Time flies by when there’s a lot to do. Unfortunately, one hasn’t been able to get down to sharing as much as one wanted to in the anniversary edition but the celebrations can continue. What’s stopping me, right?
So what did I learn from my wanderings? If you know me, I am not the least bit interested in facts and figures, every extrinsic journey is in a way an intrinsic one, just a way in which I watch myself unfold and as I do, I become aware of just how little I know. But the peeling of the onion is a beautifully joyous and painful experience.
My time spent on the road is like my favourite song-‘Dhoop ki naseeb me dhoop mein liya he dum…chandani mile to hum chandani mein so liye….Dil pe aasra kiye hum to bus yunheen jiye, ek kadam pe has diye, ek kadam pe ro diye!’.
The road is a great teacher, it tests you and scares you. It makes you forget the consequence of time and makes you aware of the fragility of your existence. At the same it shows you the majesty of nature, of mind over matter and the glory of human achievement. Each hill, every mountain, each sunrise and every sunset makes you feel miniscule and irrelevant. Nature doesn’t need us, in fact it’s better off without us! Each road and every bridge makes you bow to the men who have travelled before you, for the ones who create the foundation, lay the gravel or build the piers. Man’s exploratary nature never ceases.
Though there are hardly any roads less travelled anymore, there are still plenty with potholes and there’s no dearth of adventure if you spend your life celebrating your existence. On the road, you are awed and grateful, you smile more and love easily. Every beautiful stranger makes your heart skip a beat, more words are spoken through silences and there is an urgency with which you want to open yourself up to everything and everybody. On the road you hope more and want less!
On the road you leave behind greed and are greeted by wonderment, you become a seeker and then a believer and then a seeker and it goes on and on. The end becomes the beginning and the beginning becomes the end and then it starts all over again. Each dawn brings with it the desire to move forward, just a little bit more. The chains of attachments, of love and family all start to break as you become aware for just a fraction of a second, of the potential of your own spirit.

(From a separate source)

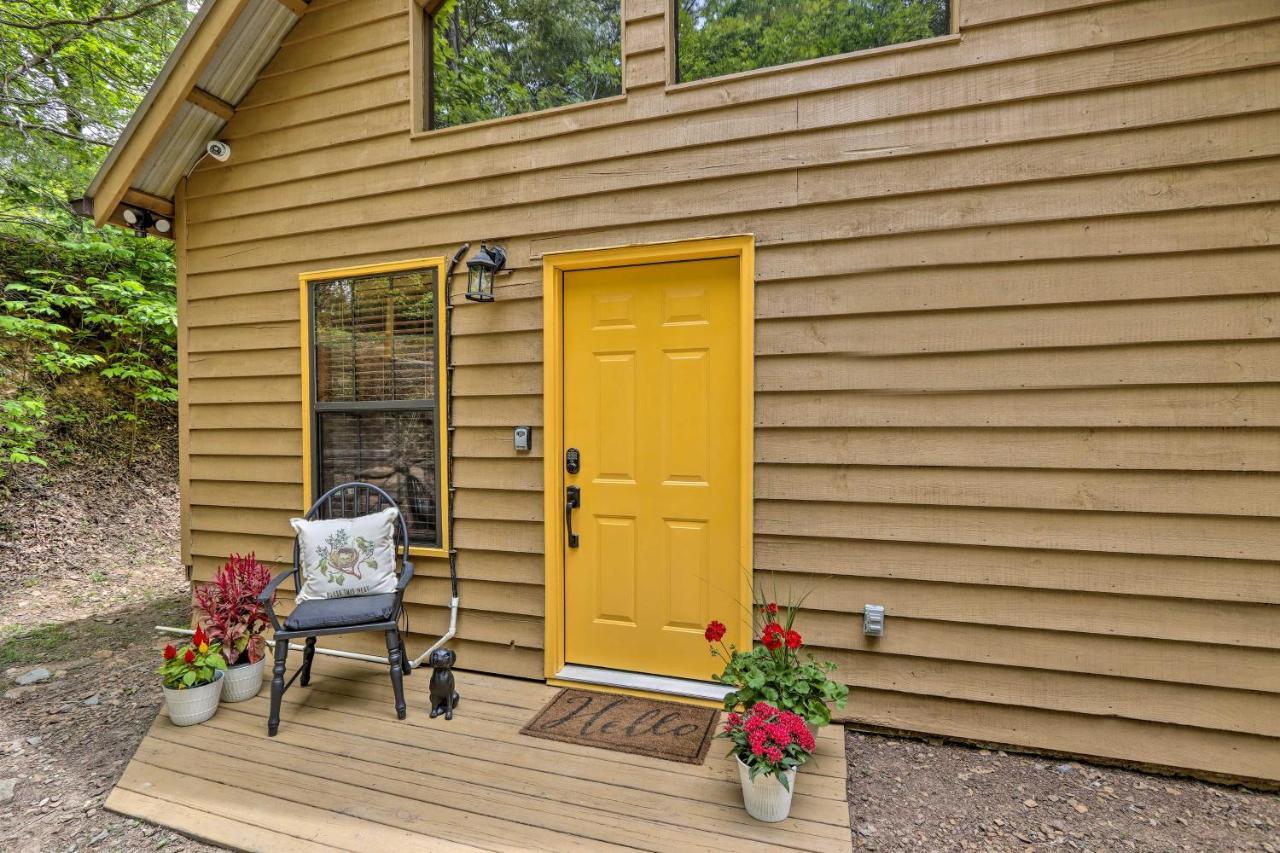 Bumblebee Retreat With Hot Tub Holiday home Salem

On the road words loose their significance, actions become important but its the intention behind those actions that you become acutely aware of. The basic animal instinct, that raw power in the gut that directs us takes a hold over the mind. Fleeting thoughts, disappear into the clouds and teardrops into the rain. The solitude makes you feel peaceful, detached and just a little bit wonkier than you are! After all, if you start to see the creator in the creation, you must be losing your mind!